Se convirtió en un personaje influyente. A fin de cuentas, la información era poder y él era información en estado puro. Sus opiniones y, fundamentalmente, sus vaticinios eran escuchados con gran atención en cualquier foro, pero a su vez también muy respetados. Muchas veces la gente lo hacía con la única finalidad de evitar ser salpicado por el sarcasmo de la siempre mordaz crítica televisiva y radiofónica de sus cadenas y emisoras. Su grupo de empresas lo mismo encumbraba dioses como hundía a cualquiera en los infiernos.

Aquel periodista prometedor se había transformado en un sujeto frío y calculador. Su ausencia de sentimientos y empatía causaban escalofríos entre cualquiera que lo hubiese conocido tiempo atrás. Su carácter abrupto, extravagante y carente de moral le ayudaba a entender cómo comportamientos y situaciones normales, las que para cualquier otro mortal hubieran resultado rechazables.

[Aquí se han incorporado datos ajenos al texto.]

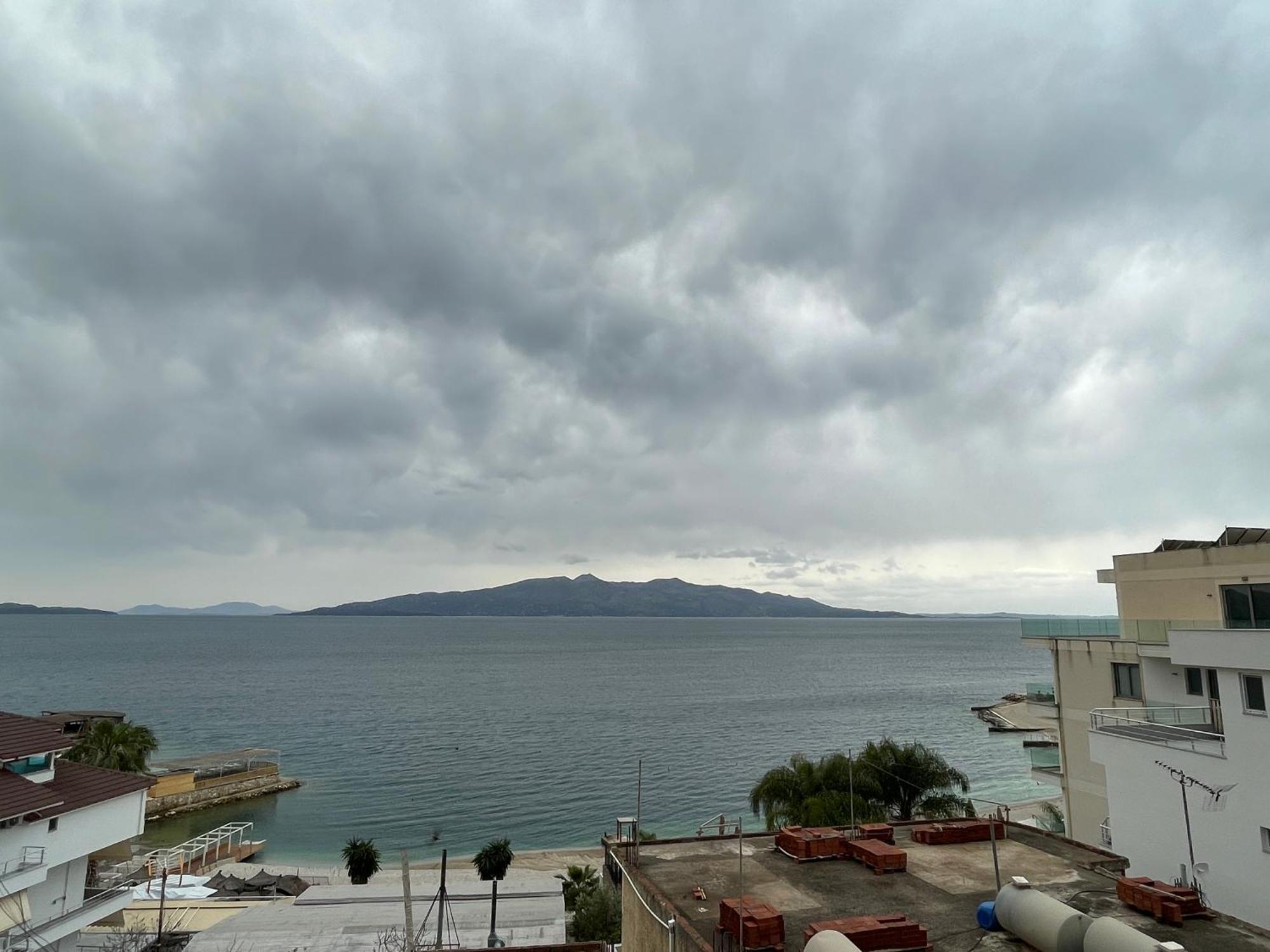 Susy Sea View Apartment Sarandë Buitenkant foto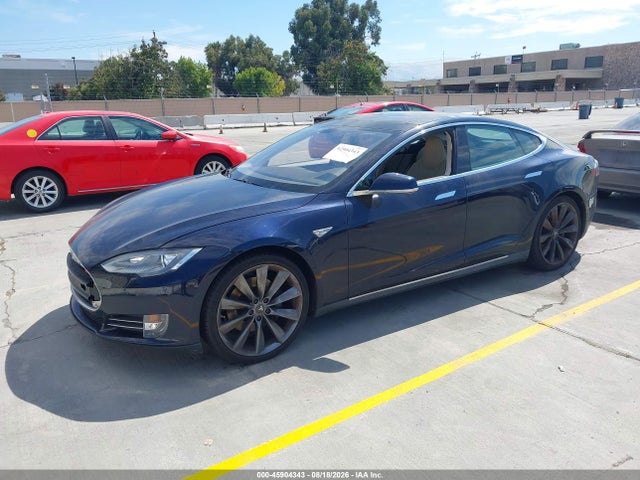 45904343 :رقم المزاد ، 5YJSA1DP8DFP06935 vin ، 2013 Tesla Model S Performance مزاد بيع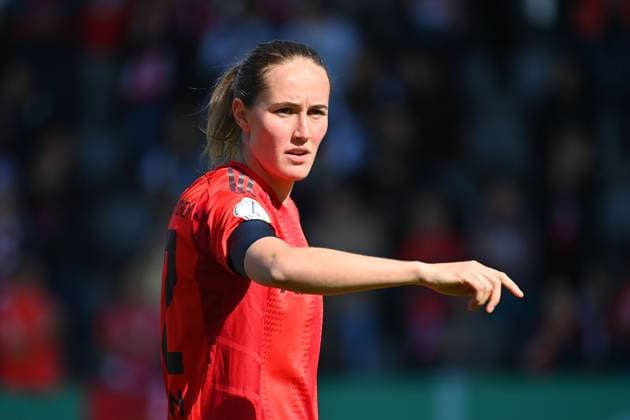 Sydney LOHMANN (FCB), Gestik,gibt Anweisungen, Aktion,Einzelbild,angeschnittenes Einzelmotiv,Halbfigur,halbe Figur. FC Bayern Muenchen - TSG 1899 Hoffenheim 3-2 Fussball DFB Pokal Halbfinale der Frauen am 22.03.2025 FC BAYERN CAMPUS
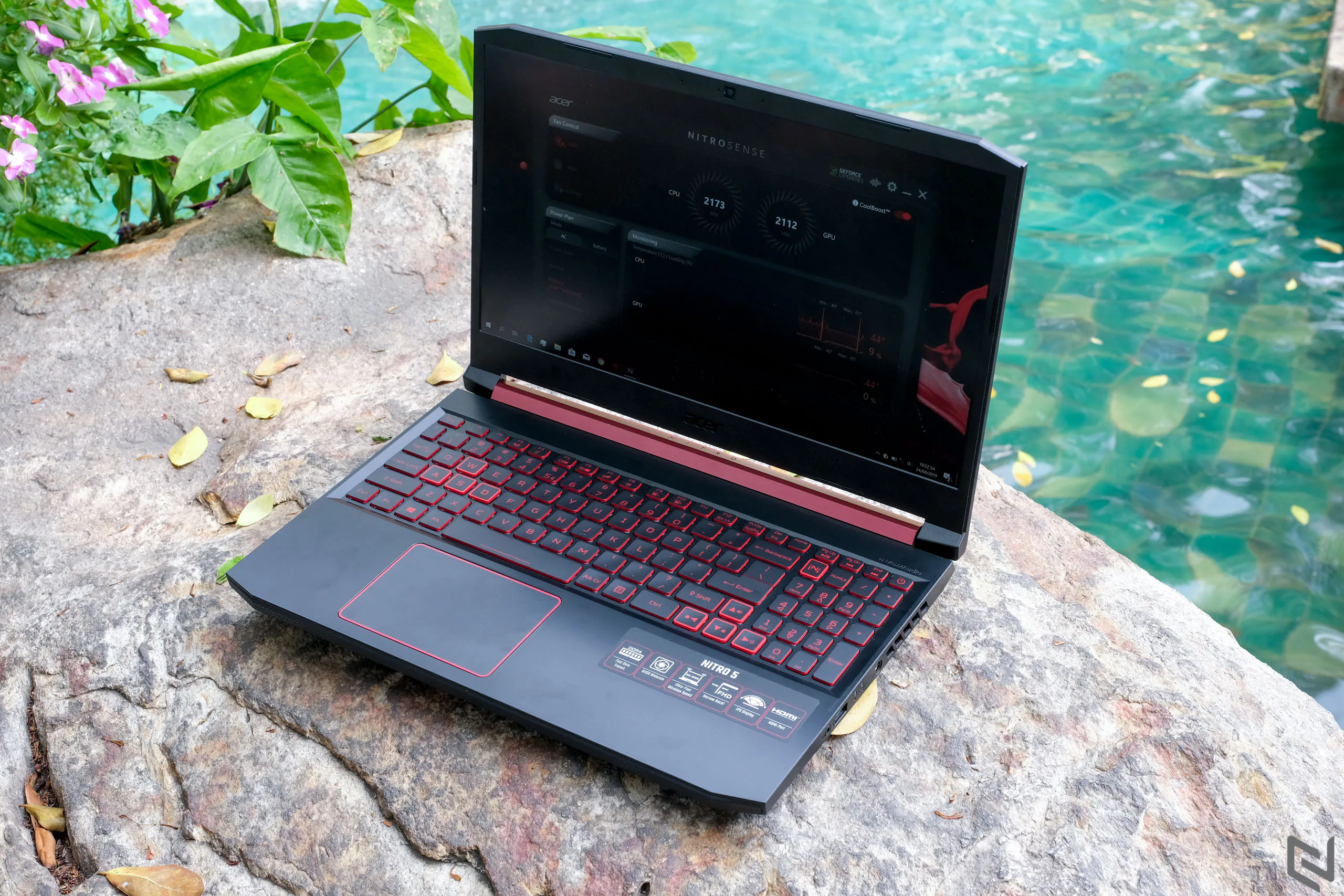Gặp mặt tân binh Acer Nitro 5 2019, thiết kế viền siêu mỏng, sử dụng NVIDIA GTX 16-Series
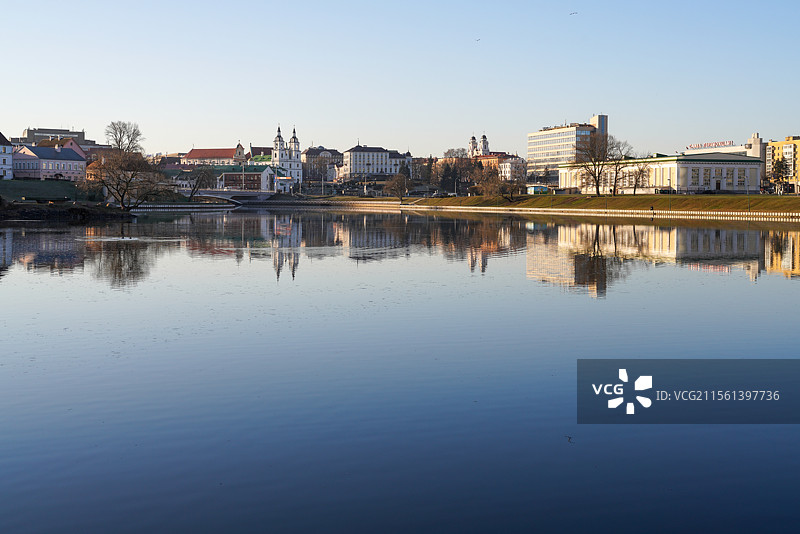 白俄罗斯 明斯克 眼泪湖 圣灵主教大教堂图片素材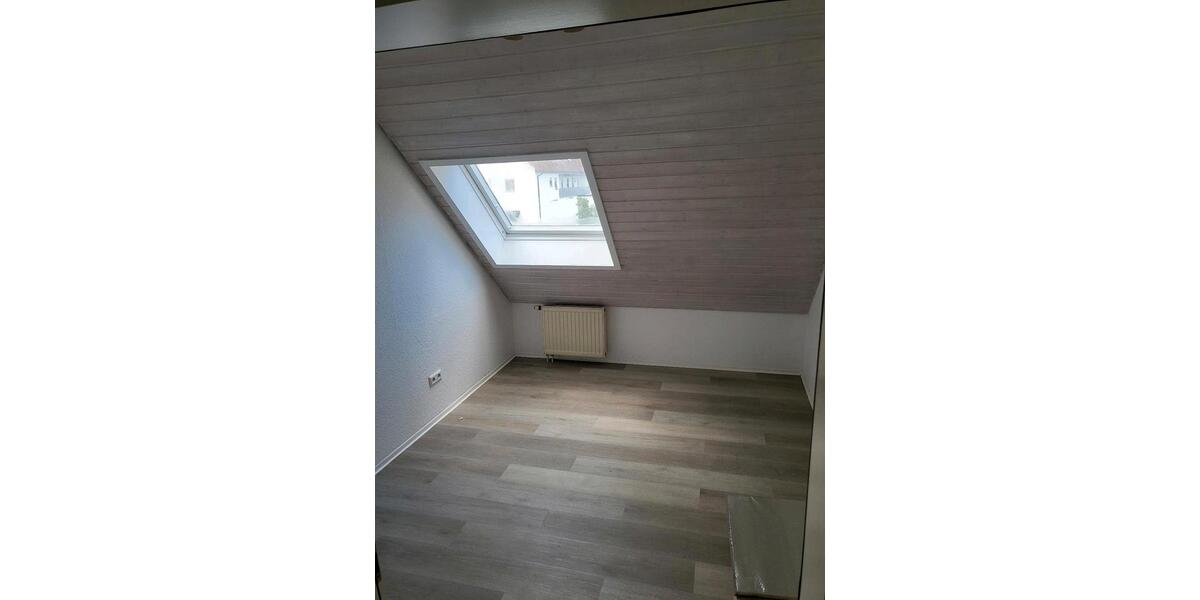 Dachgeschoßwohnung Gaildorf - 4.5 Zimmer, 90 m&sup2;, 850&euro; | Angebot:23876996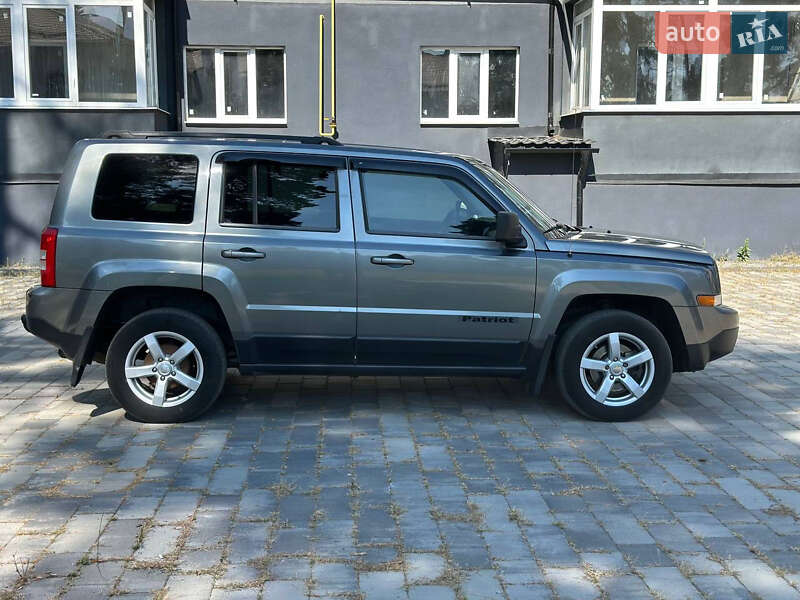 Позашляховик / Кросовер Jeep Patriot 2013 в Охтирці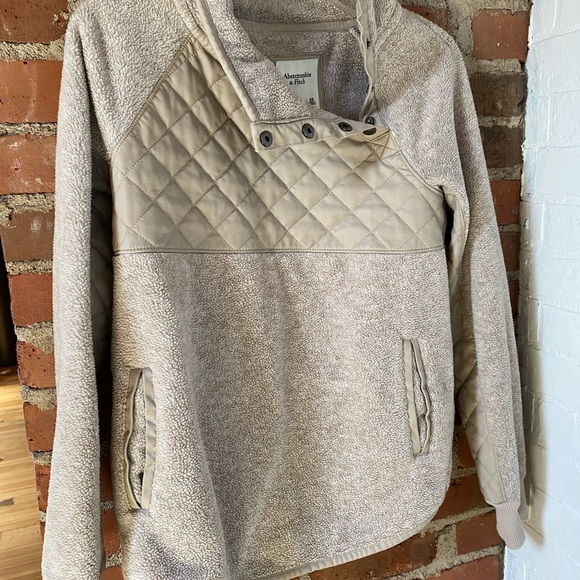 Abercrombie Asymmetrical Snap-Up Fleece - Picture 2 of 6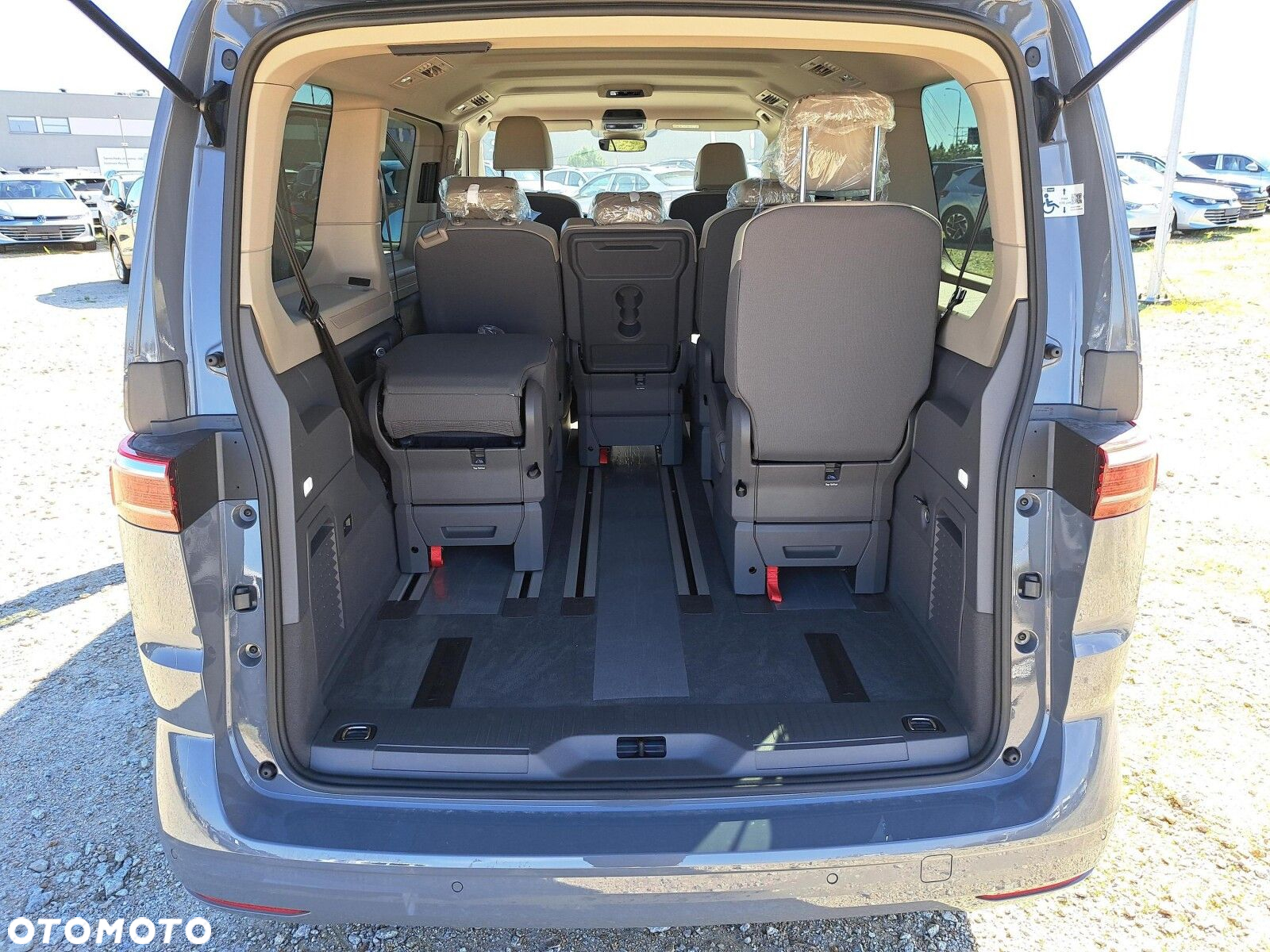 Volkswagen multivan Family L2 silnik: 2,0 l TDI SCR 150 KM / skrzynia biegów: 7-biegowa DSG rozstaw osi: 3124 mm - 17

Ya no quedaba nada de aquel muchacho que salió de Galway con dieciséis años. Grodding había protagonizado un proceso de deshumanización que había endurecido su carácter y le había hecho renegar de su propio origen. Hasta tal punto olvidó quién fue, que ni tan siquiera hizo el menor esfuerzo por estar presente en el funeral de su hermano Peter, que murió de cáncer después de luchar diez años contra aquella enfermedad. Tampoco acudió a reconfortar a su cuñada ni a ofrecerle su apoyo por la pérdida de su esposo de aquella forma tan cruel, y lo peor de todo ni tan siquiera se dignó a dedicar palabra alguna de consuelo a sus dos sobrinos, ni a preocuparse por sus necesidades. Su mundo ahora era él, no pedía nada a nadie y no esperaba que nadie le pidiese nada a él. Sin embargo, aquella forma de entender la vida estaba a punto de cambiar.